◆ Task description
Line by line, repeat the data below exactly, beginning at the first line and ending at the line with "from Swansea garden". Omit pictures.

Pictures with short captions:

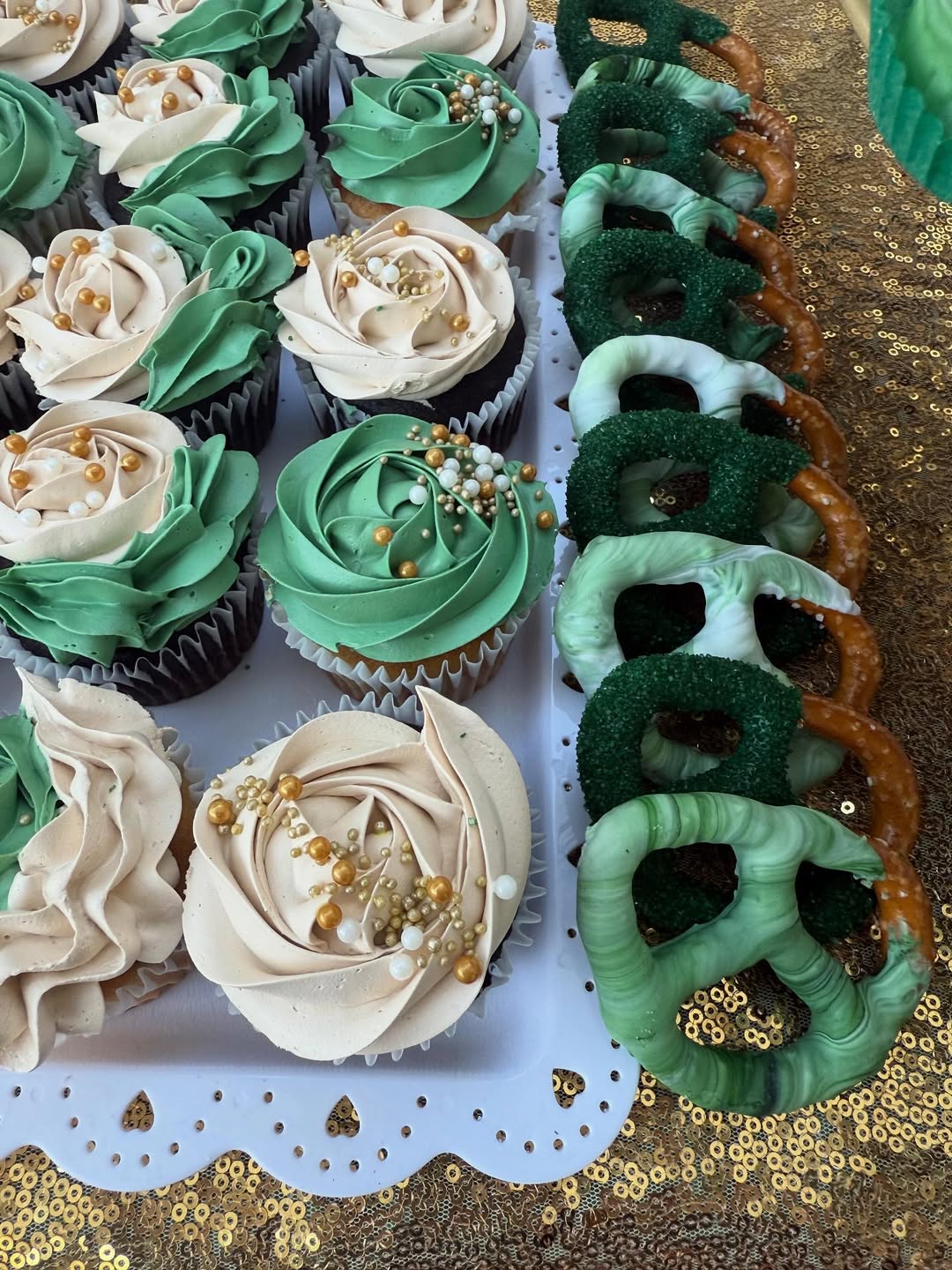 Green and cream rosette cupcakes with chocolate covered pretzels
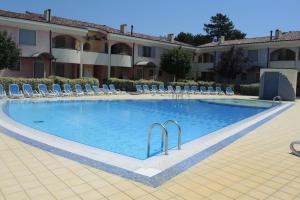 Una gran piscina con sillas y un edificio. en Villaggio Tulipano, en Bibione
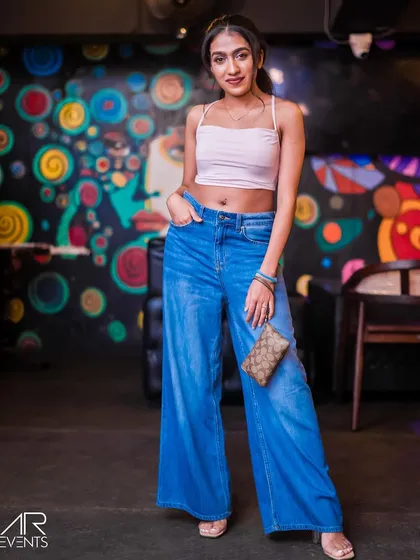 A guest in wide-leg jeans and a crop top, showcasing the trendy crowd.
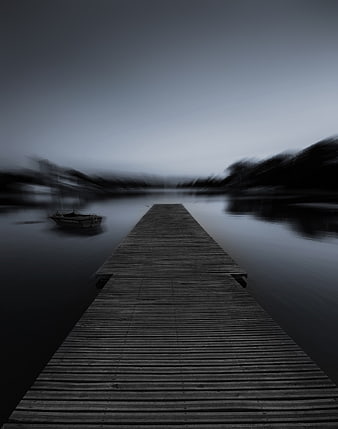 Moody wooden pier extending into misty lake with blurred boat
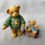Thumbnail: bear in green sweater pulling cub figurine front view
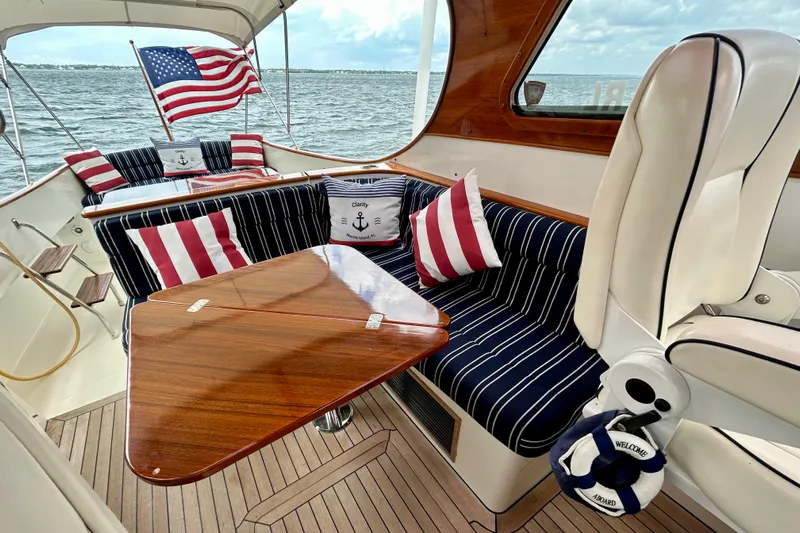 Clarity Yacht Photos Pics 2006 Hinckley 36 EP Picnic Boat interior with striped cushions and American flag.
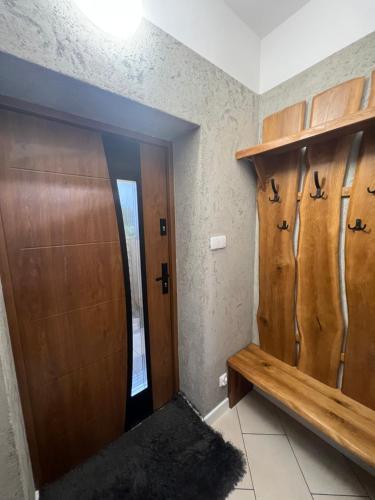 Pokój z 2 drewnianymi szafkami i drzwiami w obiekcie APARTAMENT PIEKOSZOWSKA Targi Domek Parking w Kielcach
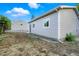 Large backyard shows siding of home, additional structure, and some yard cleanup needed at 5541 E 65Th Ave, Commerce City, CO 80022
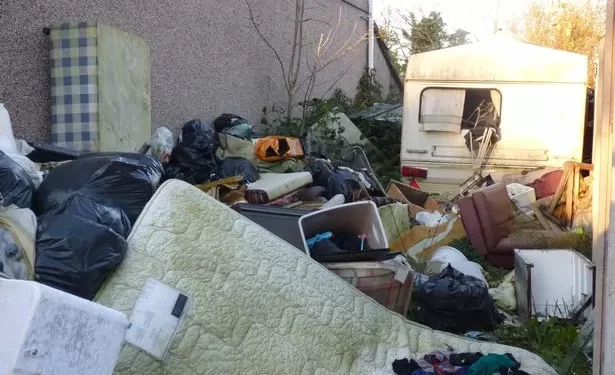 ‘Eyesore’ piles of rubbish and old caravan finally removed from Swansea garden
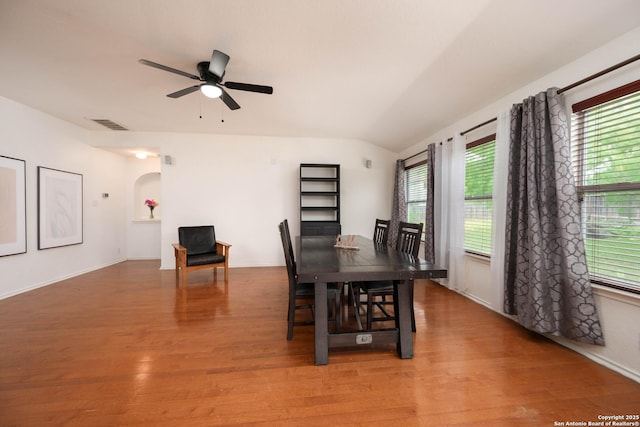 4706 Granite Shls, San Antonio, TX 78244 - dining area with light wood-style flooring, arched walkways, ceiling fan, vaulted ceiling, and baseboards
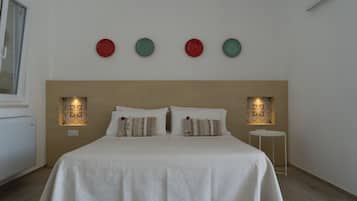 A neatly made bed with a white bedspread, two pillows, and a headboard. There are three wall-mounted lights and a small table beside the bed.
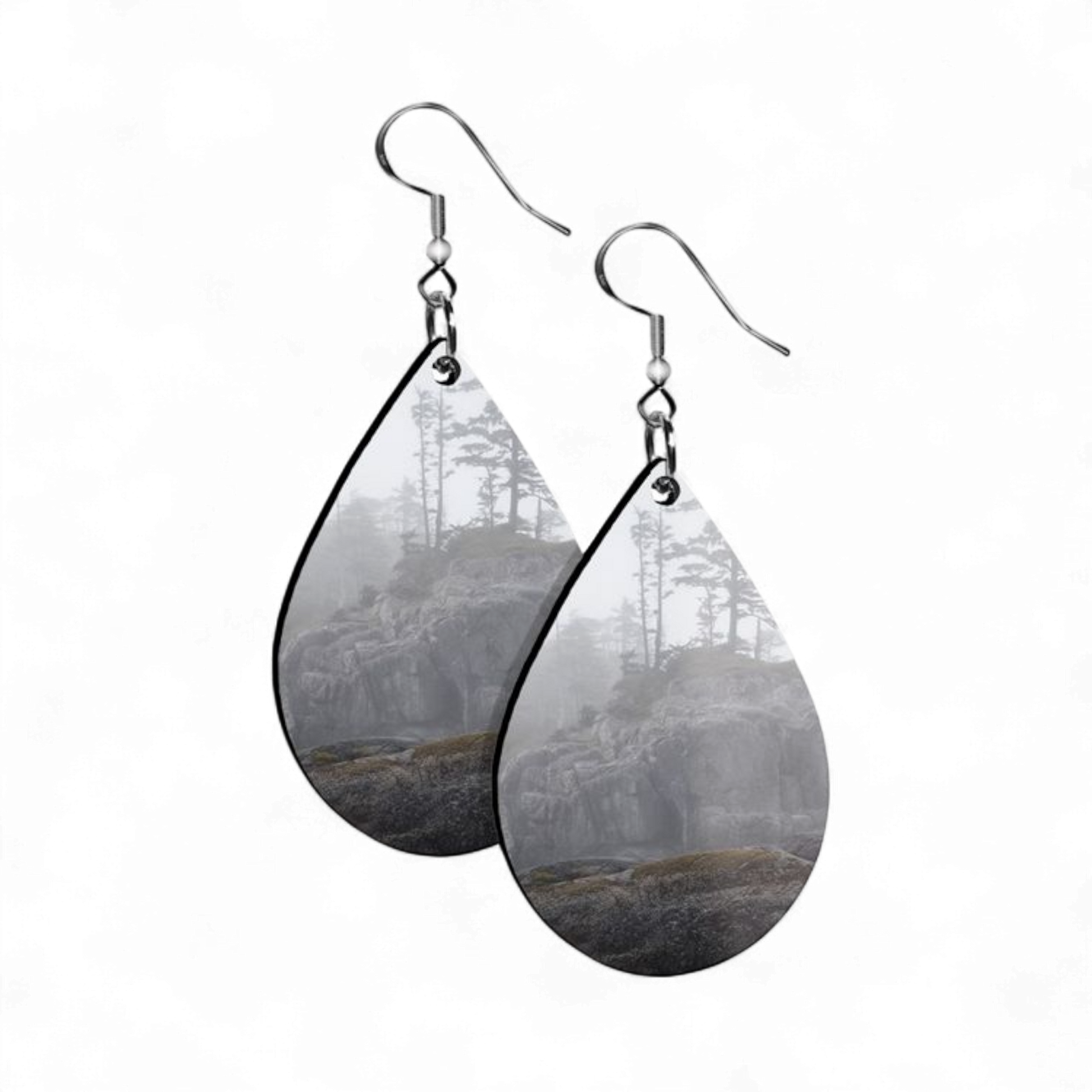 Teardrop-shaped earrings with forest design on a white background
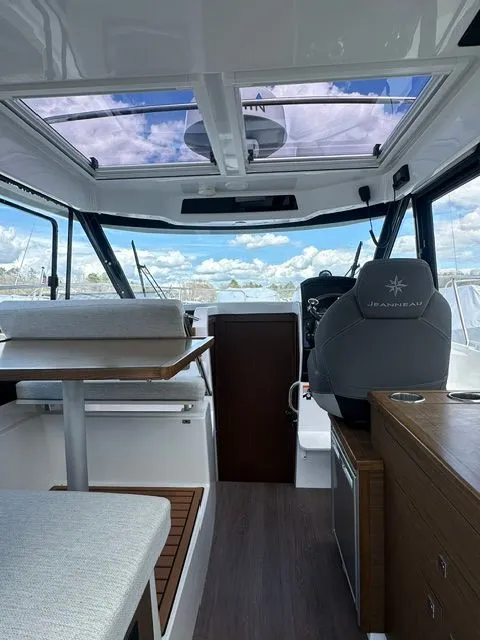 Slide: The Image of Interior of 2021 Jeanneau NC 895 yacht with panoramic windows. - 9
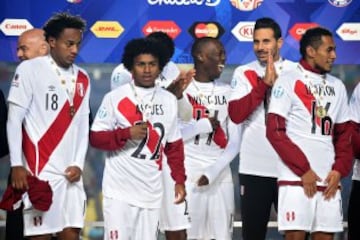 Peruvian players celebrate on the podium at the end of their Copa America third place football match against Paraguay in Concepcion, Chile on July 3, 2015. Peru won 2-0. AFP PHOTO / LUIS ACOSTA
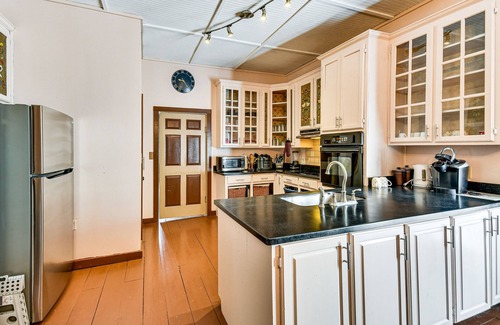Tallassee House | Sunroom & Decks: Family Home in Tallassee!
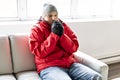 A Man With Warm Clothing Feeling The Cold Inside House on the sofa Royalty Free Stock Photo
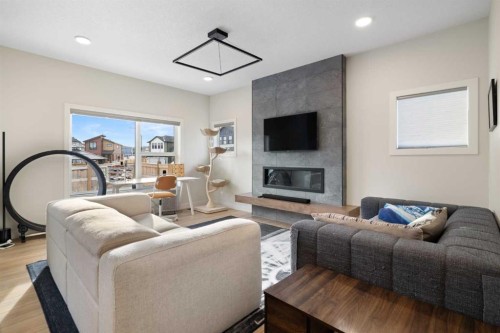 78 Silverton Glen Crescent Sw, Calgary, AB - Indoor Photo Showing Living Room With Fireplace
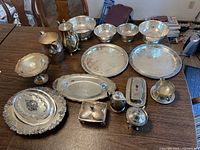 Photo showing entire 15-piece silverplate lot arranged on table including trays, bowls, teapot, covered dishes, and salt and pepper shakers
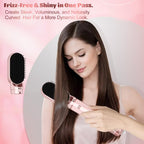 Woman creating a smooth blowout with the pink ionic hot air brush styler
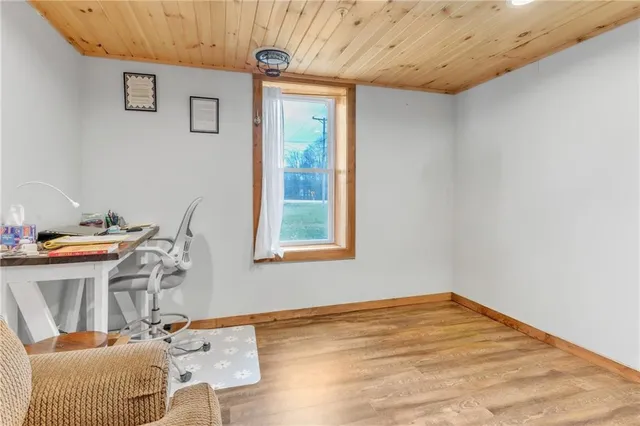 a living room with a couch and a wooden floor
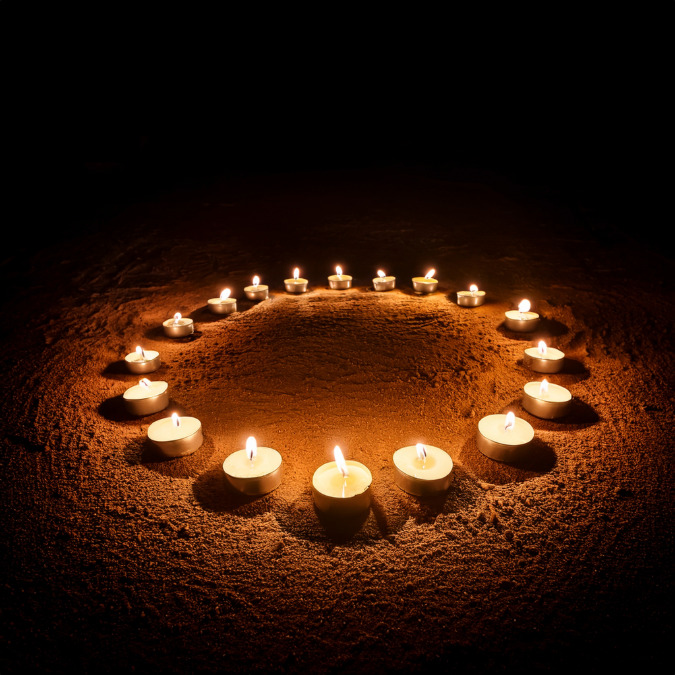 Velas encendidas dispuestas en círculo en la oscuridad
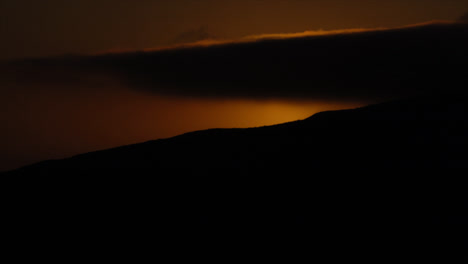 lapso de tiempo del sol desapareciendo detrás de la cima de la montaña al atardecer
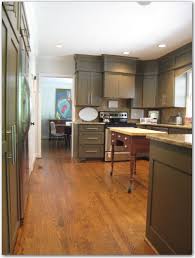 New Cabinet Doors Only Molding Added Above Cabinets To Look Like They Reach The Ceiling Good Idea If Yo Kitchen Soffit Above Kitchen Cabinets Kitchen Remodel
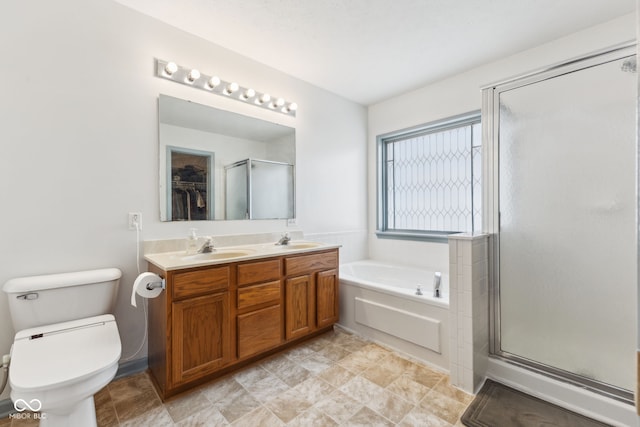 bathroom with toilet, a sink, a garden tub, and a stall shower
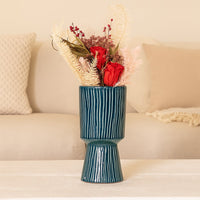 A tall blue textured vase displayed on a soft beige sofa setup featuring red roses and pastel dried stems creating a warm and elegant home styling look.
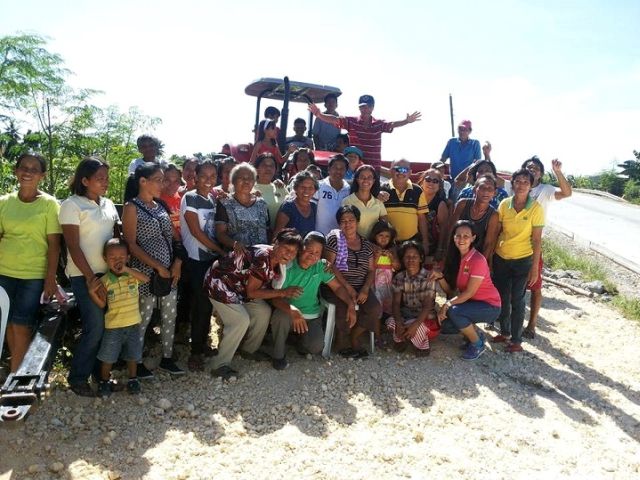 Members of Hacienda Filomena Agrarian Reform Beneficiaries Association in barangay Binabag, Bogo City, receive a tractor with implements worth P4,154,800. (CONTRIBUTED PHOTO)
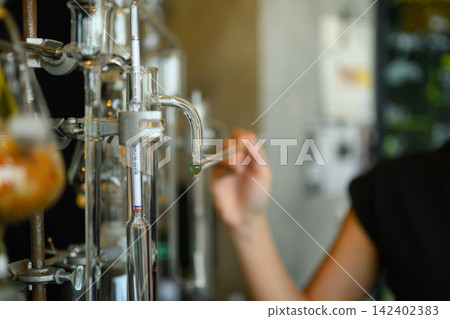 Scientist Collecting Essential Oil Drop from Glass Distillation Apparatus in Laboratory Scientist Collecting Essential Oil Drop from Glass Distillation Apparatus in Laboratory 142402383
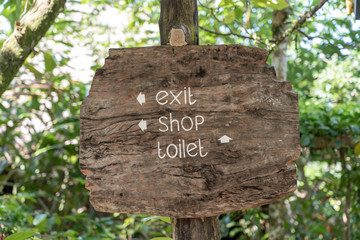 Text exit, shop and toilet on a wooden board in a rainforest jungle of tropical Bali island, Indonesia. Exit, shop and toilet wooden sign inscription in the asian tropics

◆ Answer space
 Green and cream rosette cupcakes with chocolate covered pretzels
 Una gran piscina con sillas y un edificio. en Villaggio Tulipano, en Bibione
 A guest in wide-leg jeans and a crop top, showcasing the trendy crowd.
 Moody wooden pier extending into misty lake with blurred boat
Thumbnail: bear in green sweater pulling cub figurine front view
 Clarity Yacht Photos Pics 2006 Hinckley 36 EP Picnic Boat interior with striped cushions and American flag.
 Pokój z 2 drewnianymi szafkami i drzwiami w obiekcie APARTAMENT PIEKOSZOWSKA Targi Domek Parking w Kielcach
 Large backyard shows siding of home, additional structure, and some yard cleanup needed at 5541 E 65Th Ave, Commerce City, CO 80022
 ‘Eyesore’ piles of rubbish and old caravan finally removed from Swansea garden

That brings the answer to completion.